Leonardo Paneque wrote:
there is no bug here. there is nothing to fix. the fields where not "out of synch", the values were cached.
There is no bug from the processor perspective , but my threads want current data which can lead to undeter behavior in my application. At the last I have demonstrated in a video about a bug caused due to volatile keyword. The program keeps running forever as its not getting the recent fresh value. So as from processor optimization perspective they are perfect but then from app perspective things can be problematic.
Leonardo Paneque wrote:
using a word like "synched" in this context is not correct, and is indeed misleading. Also is assuming the difference between running in debug mode and release mode. You might also run the program hundreds of times with different optimization enabled, and you will get different results.
As we have two memory storages i have used the word synch. Not sure if the word is misleading. With debug mode your program runs bit slow , giving chance for the processor to flush the memory , so i have said to run in released mode so that we can see the issues. I agree with different processors ( as every one has different memory model) you can get different results. Atleast with my all my PC , i was able to reproduce the issue.
Leonardo Paneque wrote:
I have rated most of your articles with a 5, but this one it is not ok.
The fact that other people have gave you a 5 on this, is at least, concerning.
I do not write for votes , i carv for such discussions which will help me grow. This discussion is worth than 100 votes .
Said and done you have highlighted very important points , i will be updating with a note about performance issues with volatile.
Cross question :- Is there some better way , that all my threads see fresh memory and we do not loose too much in optimization ?.
ON x86 and x64 there is no performance issues, most people agree the impact is zero. but that's due to CPU architecture, on ARMs processors it might be a problem, but not because volatile itself, but because the way cache is flushed. (everything is flushed)
Is there some better way , that all my threads see fresh memory and we do not loose too much in optimization ?.
Yes, to address that question... But pretty much to upgrade your knowledge on threading, I want to clarify this for you and anybody to come.
As for your relationship with threading: First you don't know volatile, when the right problem arises you will discover it, and you will pass a time when you like volatile because it solves the immediate problem. And then you will start to be frustrated by its limitations. You may start to like lock again... And finally you start avoiding both lock and volatile it as if they were a curse.
I'll try make this phases go fast and with little pain.
1) Volatile solve a problem.
It allows you to tell the compiler that certain variable must be taken in special consideration because it is being used by various threads at the same time. In fact, volatile is excellent to tell the compiler that it should make it so that those threads will read the value of the variable from shared memory each time (and not from cache).
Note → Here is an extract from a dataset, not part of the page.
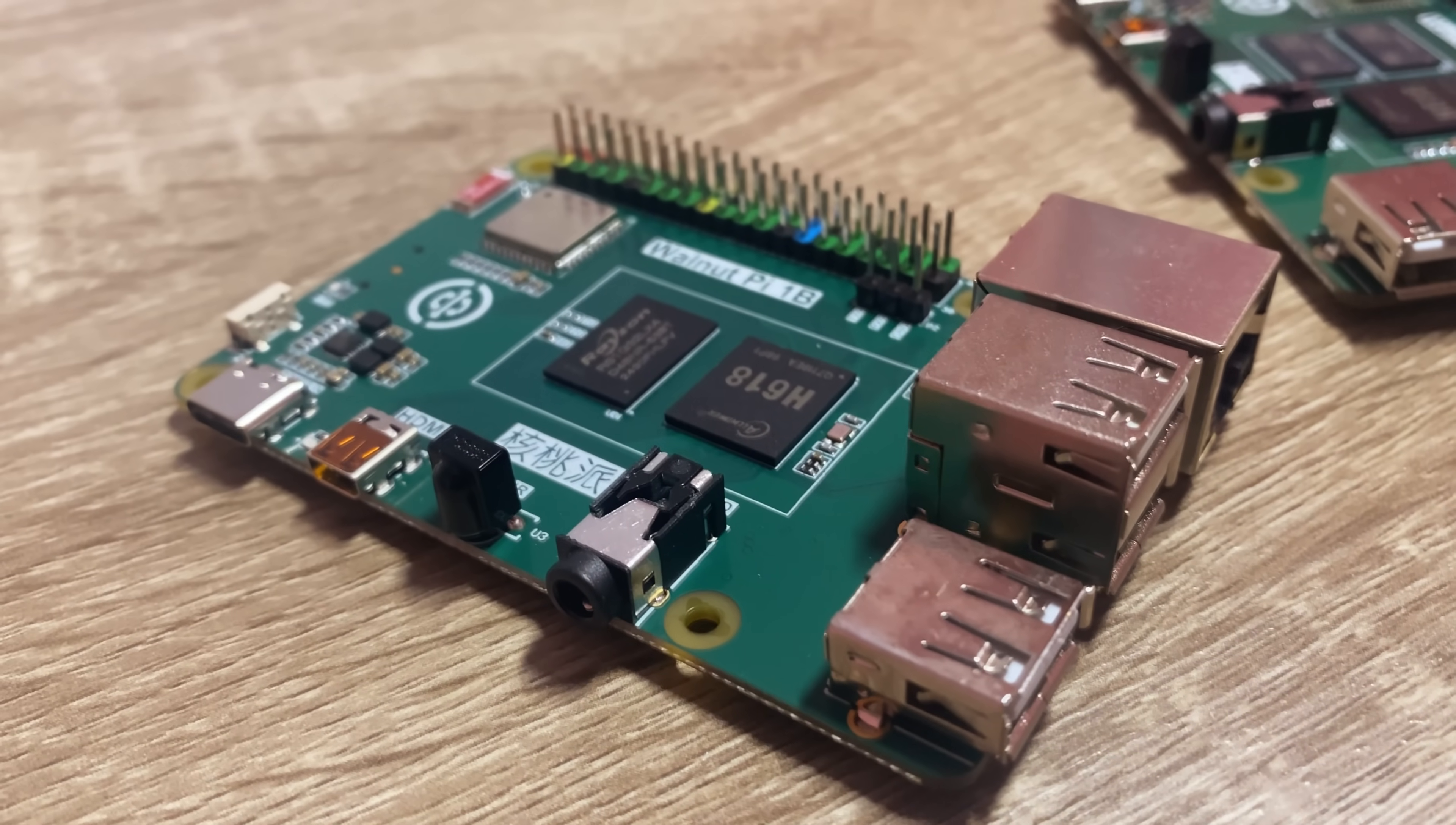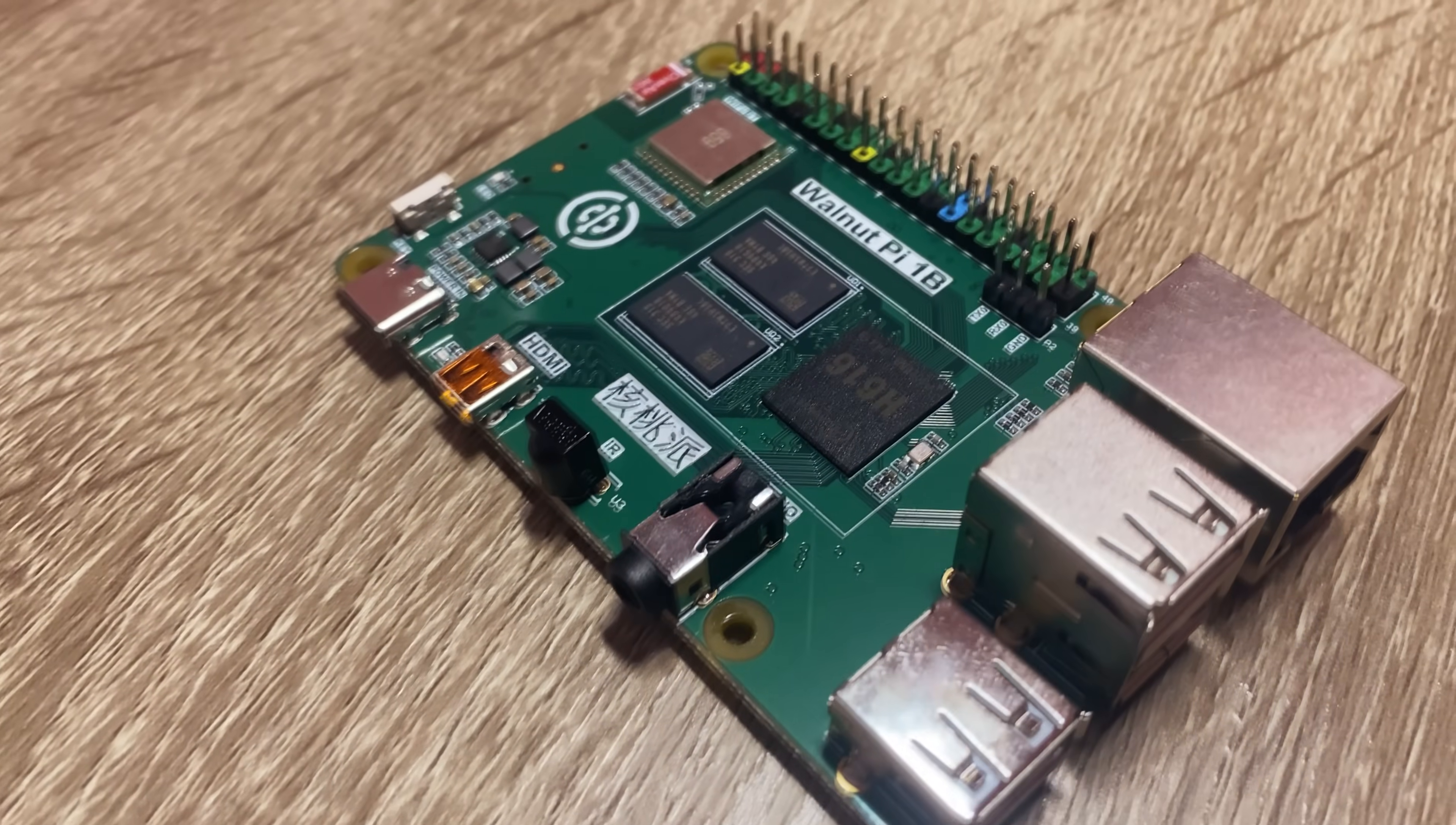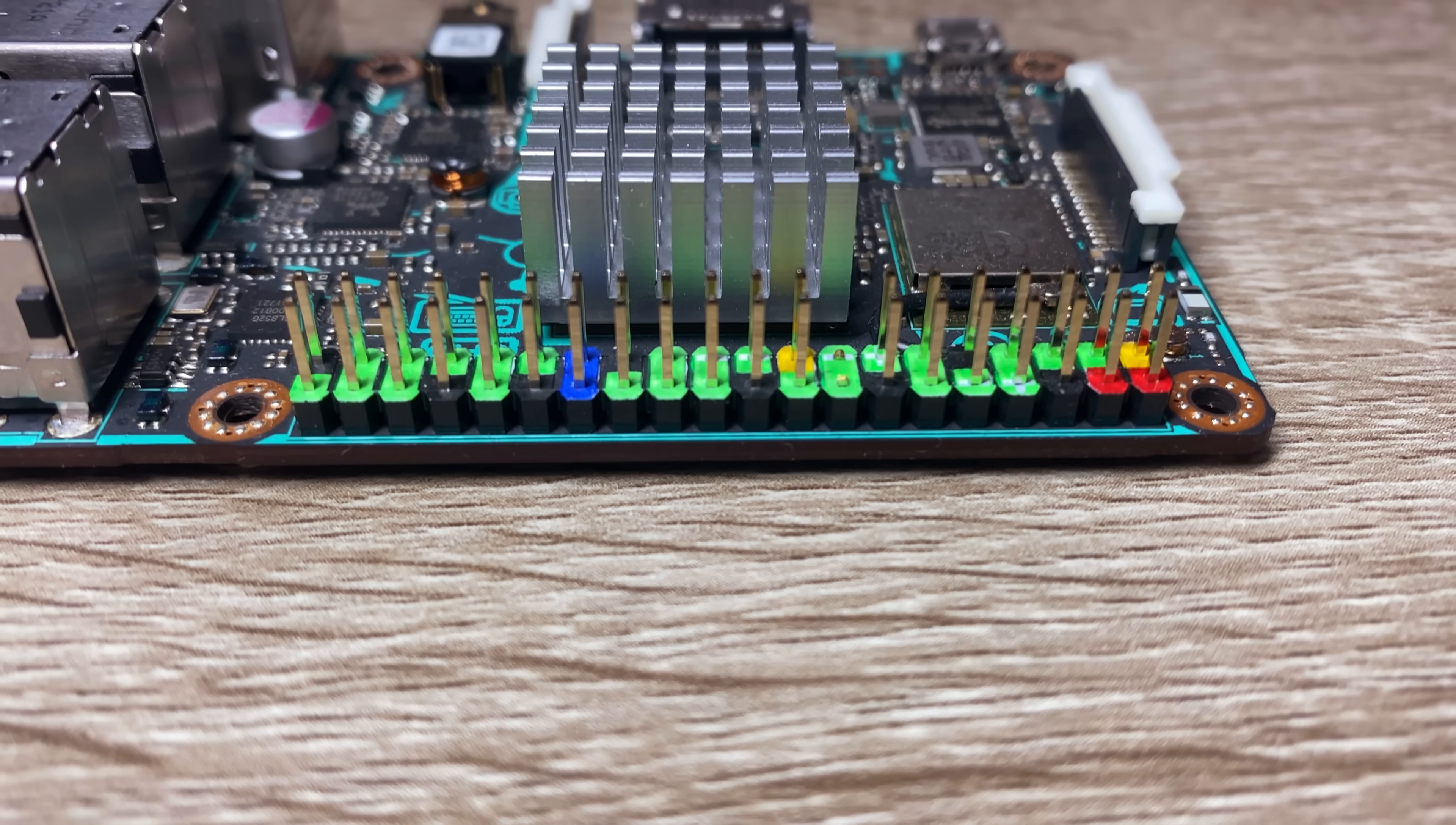It has micro HDMI, which I hate, outdated 100 megabit Ethernet port, and colored 40-pin GPIO header, just like on Asus Tinkerboard, which is a good thing.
2) Volatile is misleading.
Let's say you have split an operation in various threads, and you want to report the total progress in real time.
Of course you will have a shared variable for that. Let's say you have an int, that will go from 0 to 1000 where 1000 means that the works is done, and each thread has half the work (that is, they will increase the variable 500 times).
What can we expect? Well, that after both thread finished the final value will be 10000. Well, no. Because these threads are caching the variable. Your first instinct may be to throw volatile to the cage and hope for the best, and it will work most of the time... but not quite, sometimes you get 9999, some others 9997 and so on. What happens is that each thread will have something like this:
C#
_progress++
How does the compiler handle this? Like so, of course:
C#
var tmp = _progress + 1;
_progress = tmp;
Do you see the problem? No? Ok, let me try again:
C#
var tmp = _progress + 1;
//They are not a single instructions
_progress = tmp;
"What's wrong with that?" - you may say - "It should work anyway". Well, the problem is that you have two threads, and those threads can be preempted anytime, perhaps...
C#
var tmp = _progress + 1;
//Just right here!!!!!
_progress = tmp;
And now, each thread has it's version of the new value to set the field, and both are gonna write! oh no!
The initial value is 0.
The thread A comes and reads 0, and says... I'll update it to 1.
The thread A get's preempted.
The thread B comes and reads 0, and says... I'll update it to 1.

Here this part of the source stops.